Le ciel chargé de nuages et la fraîcheur humide qui s’installe annoncent bien plus que la saison des pluies dans les rues de Bobo-Dioulasso. Elles signalent l’arrivée d’un mets saisonnier profondément ancré dans les habitudes alimentaires et culturelles locales : le chitoumou, nom donné aux chenilles du karité, prisées pour leur richesse nutritive et leur goût unique.

Chaque année, au cœur des quartiers périphériques et des zones rurales environnantes, les populations s’activent dès l’aube pour récolter ces petites larves dodues. Perchées sur les feuilles des arbres de karité, elles sont délicatement ramassées à la main, dans un rituel bien connu des femmes et enfants qui en font une activité génératrice de revenus, mais aussi un geste de transmission culturelle.

Une filière artisanale bien rôdée
Après la récolte vient l’étape de la transformation. Lavé soigneusement, le chitoumou est ébouillanté, puis séché au soleil ou fumé pour une conservation plus longue. Il se vend frais ou transformé sur les marchés de Bobo-Dioulasso, où son prix varie selon l’abondance de la saison. En cuisine, il se décline sous diverses formes : frit pour un côté croustillant, mijoté dans des sauces traditionnelles comme le soumbala ou la pâte d’arachide, ou encore réduit en poudre pour accompagner les bouillies et enrichir les repas.

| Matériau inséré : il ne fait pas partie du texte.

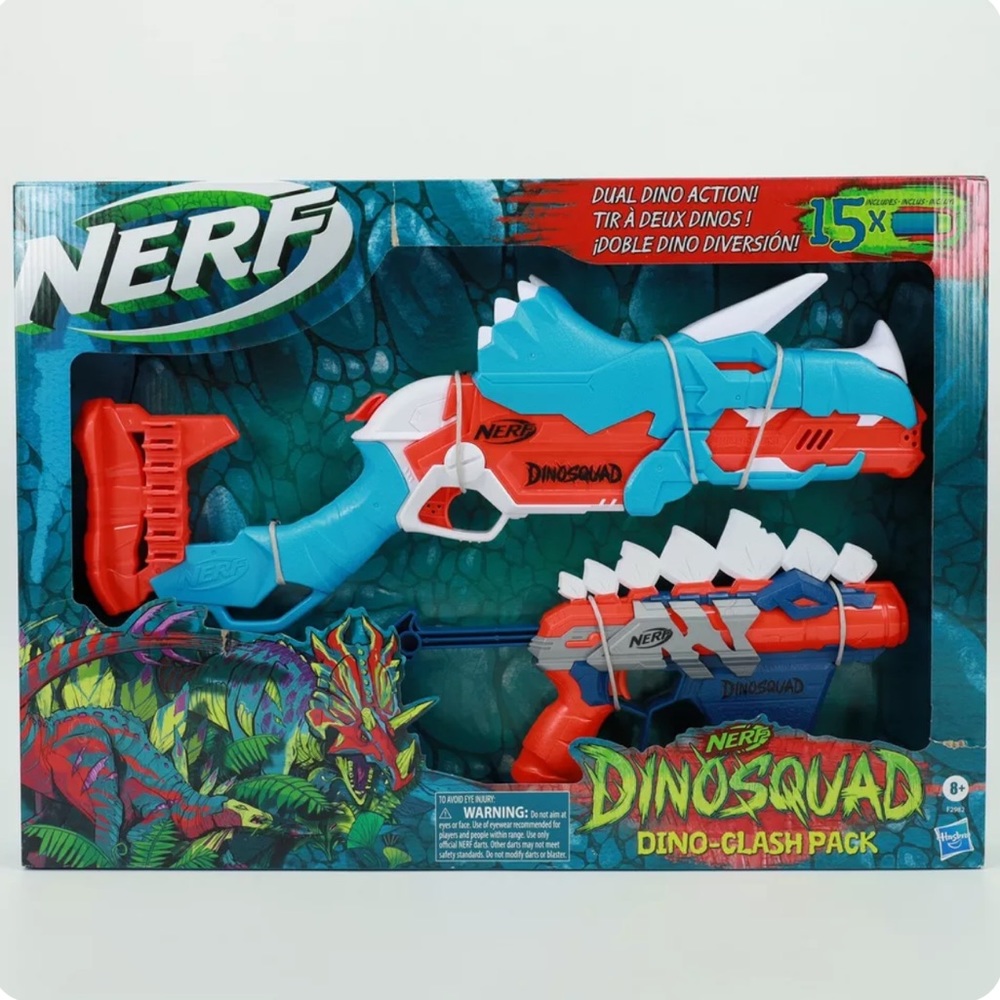NERF Dino-Clash Pack DinoSquad Tricera-Blast & Stegosmash Dart Blaster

Une richesse nutritionnelle insoupçonnée
Derrière ce mets rustique se cache un véritable trésor nutritionnel. Le chitoumou est naturellement riche en protéines, fer, vitamines B, calcium et oméga-3. Il constitue une source essentielle de nutriments pour les populations, notamment celles à faible pouvoir d’achat. En milieu scolaire ou dans les programmes de nutrition, sa consommation est souvent recommandée pour lutter contre la malnutrition. Lire aussi ici : https://www.infosculturedufaso.net/art-culinaire-le-chitoumou-ou-la-chenille-de-karite/

Un symbole de mémoire et d’identité
Mais au-delà de ses bienfaits nutritionnels, le chitoumou est aussi porteur de sens. Il évoque les souvenirs d’enfance, les repas communautaires, les valeurs de résilience et de transmission intergénérationnelle. C’est un aliment identitaire, qui relie les communautés à leur environnement naturel et à leur culture. À Bobo-Dioulasso, il est perçu comme un héritage à valoriser, un savoir-faire culinaire transmis sans bruit, mais avec fierté.

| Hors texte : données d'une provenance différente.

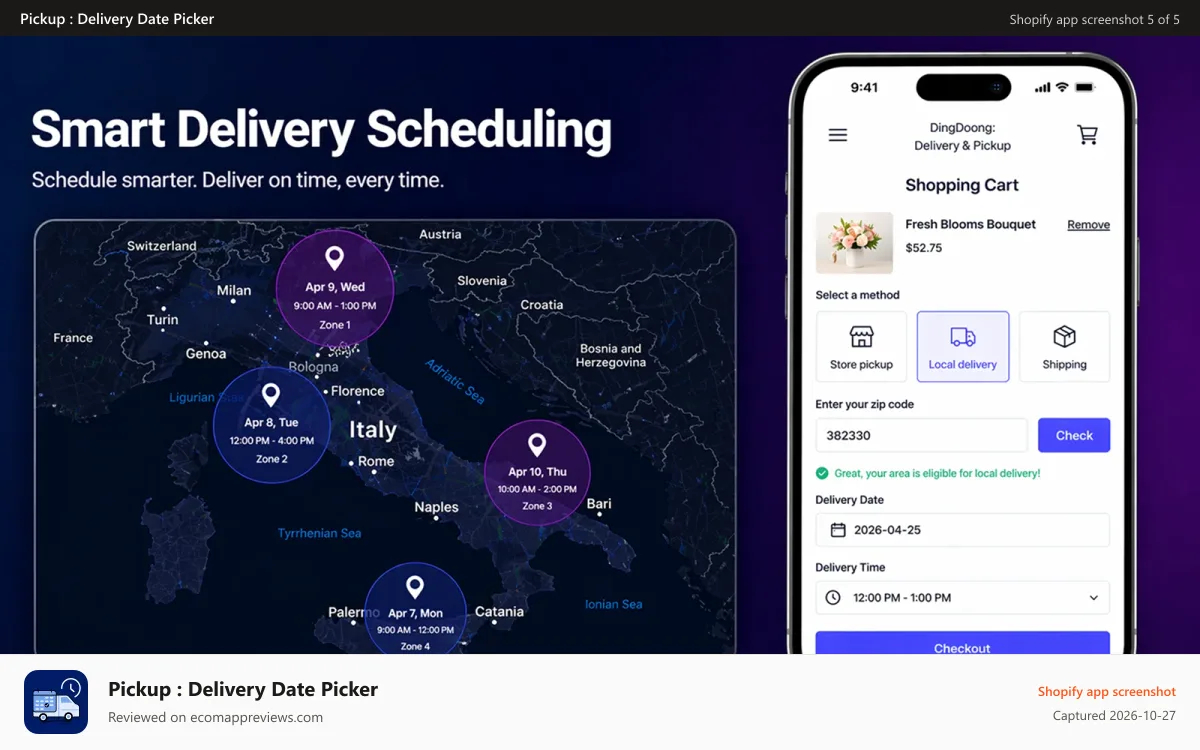 Pickup : Delivery Date Picker Shopify app screenshot: product-specific
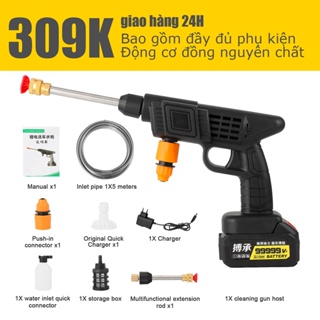 Máy rửa xe chạy pin,may rua xe bằng pin,may rua xe gia đình mini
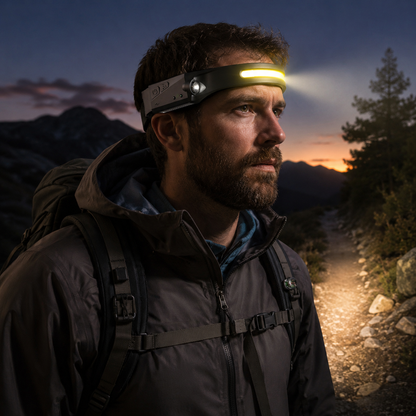 Rechargeable LED Headlamp with Adjustable Strap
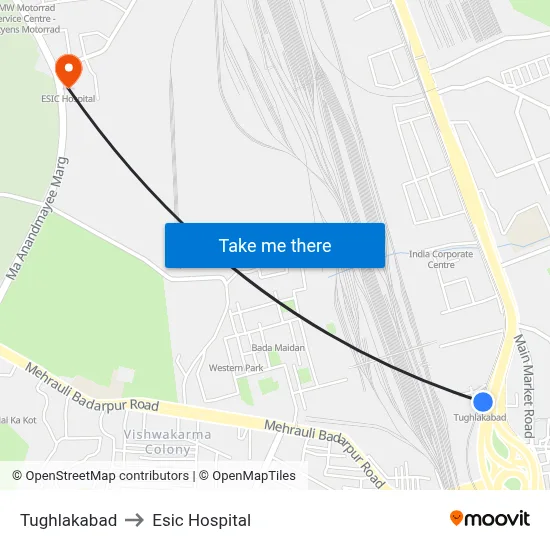 Tughlakabad to Esic Hospital map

Un avenir durable à préserver
Dans un contexte où la souveraineté alimentaire devient un enjeu de société, le chitoumou illustre parfaitement la richesse de ce que la nature et les traditions peuvent offrir. Il rappelle qu’il est possible de manger local, sain et durable, tout en préservant une culture culinaire authentique.

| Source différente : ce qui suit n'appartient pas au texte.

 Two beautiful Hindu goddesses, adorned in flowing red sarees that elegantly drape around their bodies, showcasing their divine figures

Le chitoumou, bien plus qu’un simple mets saisonnier, incarne une richesse plurielle : culinaire, économique, culturelle et écologique. Dans les familles comme sur les marchés de Bobo-Dioulasso, il témoigne d’un savoir-faire local transmis avec soin, d’un lien profond entre l’homme et son environnement, et d’une capacité remarquable à valoriser les ressources naturelles. À l’heure où le retour aux produits locaux s’impose comme une voie durable, le chitoumou se dresse fièrement comme un exemple de résilience et d’intelligence collective. Préservé, promu et intégré dans les politiques alimentaires, il peut contribuer à renforcer la sécurité nutritionnelle et à affirmer l’identité gastronomique burkinabè, à la croisée de la tradition et de la modernité.